Read about an inspirational woman and hairdresser, Martha Matilda Harper(1857-1950)! Martha Matilda Harper was an immigrant, innovator, entrepreneur, and shrewd businesswoman. She boast many achievements; developed and marketed a hair tonic, pioneered the beauty industry to new heights, became the first franchiser by sharing her Harper Methods, followed by a multitude of disciples called Harperites and eventually responsible for 500 salons across the world – decades before Ray Kroc franchised McDonalds. (She was a cougar, too- marrying a man 20 years younger!) Yet, Martha Matilda Harper was swept away, buried deep underneath America’s history. How did one single woman persuade so many Harperites to assembly and adhere to her codes, to soar to their own identity by influencing them and the public that women could be independent and successful. Read the article in PBA Progress at http://www.probeauty.org
Martha Matilda Harper-meet one incredible woman!

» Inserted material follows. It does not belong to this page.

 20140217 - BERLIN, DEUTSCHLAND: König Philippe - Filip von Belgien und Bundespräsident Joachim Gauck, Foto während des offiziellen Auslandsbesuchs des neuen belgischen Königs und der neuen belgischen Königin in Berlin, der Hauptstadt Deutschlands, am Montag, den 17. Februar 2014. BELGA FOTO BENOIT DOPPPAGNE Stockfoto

I discovered Martha Matilda Harper while taking a Women in United States History course at York College. My assignment was to find an American woman that was little known and worthy of a place in the history books. Being a hair salon owner and Cosmetologist for over 25 years, I have questioned who opened and where was the first beauty salon in America? No textbook in the beauty industry, historian or professional has been able to answer the question. Miraculously, (I say miraculously because the only known book about Martha is Jane Plitt’s, published in 2000, Martha Matilda and the American Dream.) I dusted off this sleeping woman whose chestnut hair touched the floor. Martha Matilda Harper was an immigrant, innovator, entrepreneur, and shrewd businesswoman. She boast many achievements; developed and marketed a hair tonic, pioneered the beauty industry to new heights, became the first franchiser by sharing her Harper Methods, followed by a multitude of disciples called Harperites and eventually responsible for 500 salons across the world – decades before Ray Kroc franchised MacDonalds.

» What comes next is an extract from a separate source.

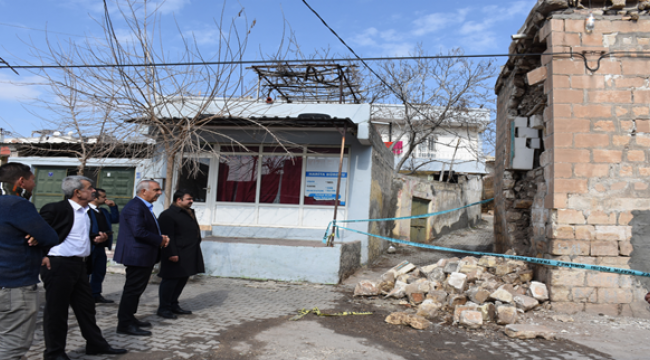 Hilvan'da Depremin Ağır Hasar Oluşturduğu Evlerin Yıkımına Başlandı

If the study of history is about uncovering voices we must study beyond male dominated accounts. It is our job to discover these voices even when academia appears to frown on the creative trades and industries such as cosmetology. The beauty industry is one of those areas most influential in creating women’s independence in history-even still today. Martha secures her place and should be acknowledged in not only the Cosmetology history books but in both history and financial studies (her place in history way be for Mr. Kroc). How one woman attracted and cultivated a franchising dynasty with diplomacy and persuasion deserves attention! According to Jane Plitt in the year 2000, American franchising, “the business vehicle Martha created, had become the dominate form of retail. . .” (pg 162). Also, women owned business are the “fastest growing segment of business ownership” (pg 162). Thanks to Jane Plitt for taking the first steps! I insist all Cosmetologists read her book! I personally know the effort both physically and mentally it takes to employ women and service clients. I will leave you with an example of Harper’s ability of rhetorical strategy. A young girl wanted to postpone opening a shop after the 1908 fire that leveled the city of Baltimore, Maryland. Miss Harper replied, “ No, now is the time to do it: the city is flattened and confused. Grow up with it, and about in this spot is the place to do it (Plitt pg 80).” This formula was her prescription for business- slightly vicious, totally determined, yet motivating and inspiring. Like every successful stylist I know!